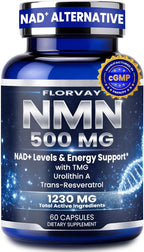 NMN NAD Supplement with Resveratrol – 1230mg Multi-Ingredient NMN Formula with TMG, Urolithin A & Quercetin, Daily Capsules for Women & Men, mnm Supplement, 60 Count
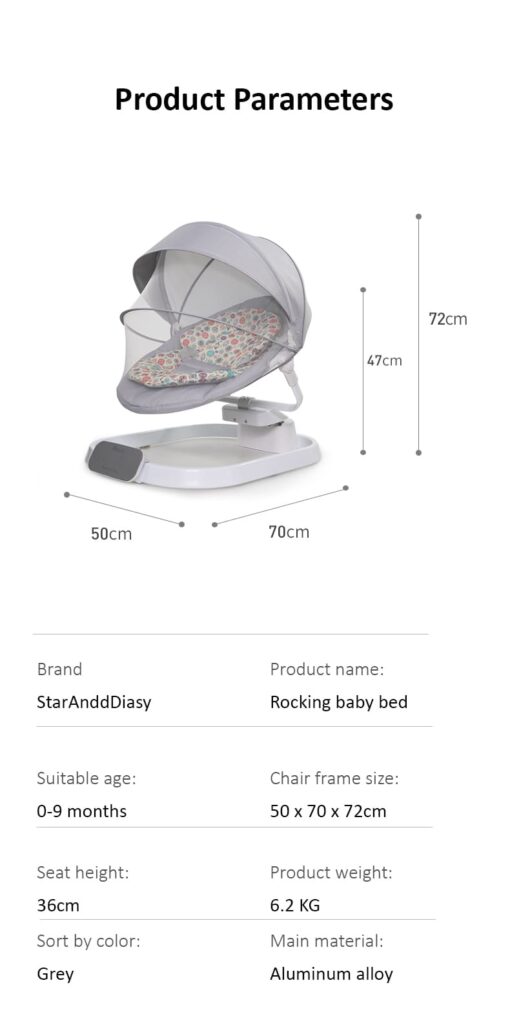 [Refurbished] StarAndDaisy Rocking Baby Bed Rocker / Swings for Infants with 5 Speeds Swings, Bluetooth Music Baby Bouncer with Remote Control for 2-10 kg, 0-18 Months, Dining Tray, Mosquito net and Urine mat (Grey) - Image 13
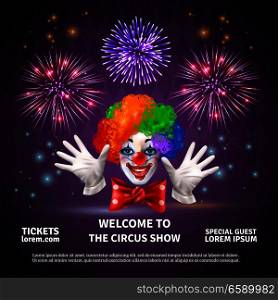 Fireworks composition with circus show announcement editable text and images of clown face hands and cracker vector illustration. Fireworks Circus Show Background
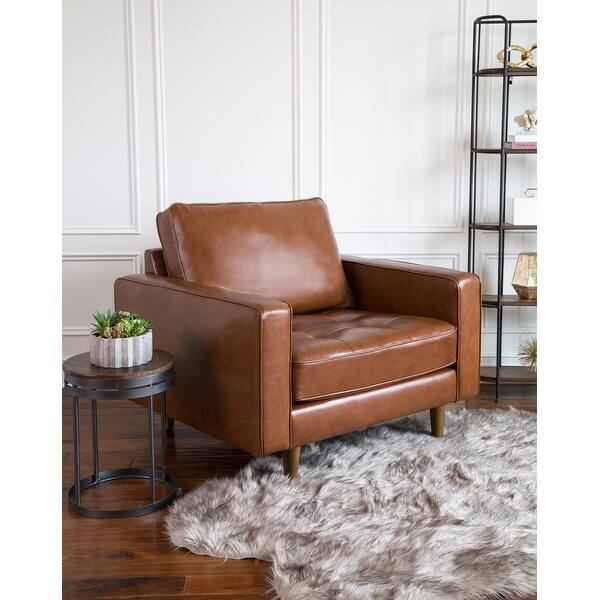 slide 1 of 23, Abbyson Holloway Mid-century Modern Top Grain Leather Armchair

--

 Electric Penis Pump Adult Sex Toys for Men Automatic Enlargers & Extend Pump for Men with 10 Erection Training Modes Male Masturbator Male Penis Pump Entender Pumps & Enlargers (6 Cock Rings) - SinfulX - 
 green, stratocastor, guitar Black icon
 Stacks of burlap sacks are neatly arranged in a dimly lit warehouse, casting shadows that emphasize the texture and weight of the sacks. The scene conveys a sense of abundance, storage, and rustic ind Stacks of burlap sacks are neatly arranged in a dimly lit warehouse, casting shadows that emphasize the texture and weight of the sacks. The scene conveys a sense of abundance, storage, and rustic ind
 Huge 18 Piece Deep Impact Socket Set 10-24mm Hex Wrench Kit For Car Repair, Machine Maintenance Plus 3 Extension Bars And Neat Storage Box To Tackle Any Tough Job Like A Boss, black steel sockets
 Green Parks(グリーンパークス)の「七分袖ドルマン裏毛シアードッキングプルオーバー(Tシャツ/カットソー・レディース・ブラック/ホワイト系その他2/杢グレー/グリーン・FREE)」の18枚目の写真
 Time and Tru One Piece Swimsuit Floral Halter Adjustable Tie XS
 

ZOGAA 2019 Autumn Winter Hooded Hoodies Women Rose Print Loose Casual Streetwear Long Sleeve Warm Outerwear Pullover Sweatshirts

Task details – Starting with the line that holds "Huge 18 Piece" and ending with the line that holds "ZOGAA 2019 Autumn", retype every line in the data above exactly, and nothing else.

Exercise result –
 Huge 18 Piece Deep Impact Socket Set 10-24mm Hex Wrench Kit For Car Repair, Machine Maintenance Plus 3 Extension Bars And Neat Storage Box To Tackle Any Tough Job Like A Boss, black steel sockets
 Green Parks(グリーンパークス)の「七分袖ドルマン裏毛シアードッキングプルオーバー(Tシャツ/カットソー・レディース・ブラック/ホワイト系その他2/杢グレー/グリーン・FREE)」の18枚目の写真
 Time and Tru One Piece Swimsuit Floral Halter Adjustable Tie XS
 

ZOGAA 2019 Autumn Winter Hooded Hoodies Women Rose Print Loose Casual Streetwear Long Sleeve Warm Outerwear Pullover Sweatshirts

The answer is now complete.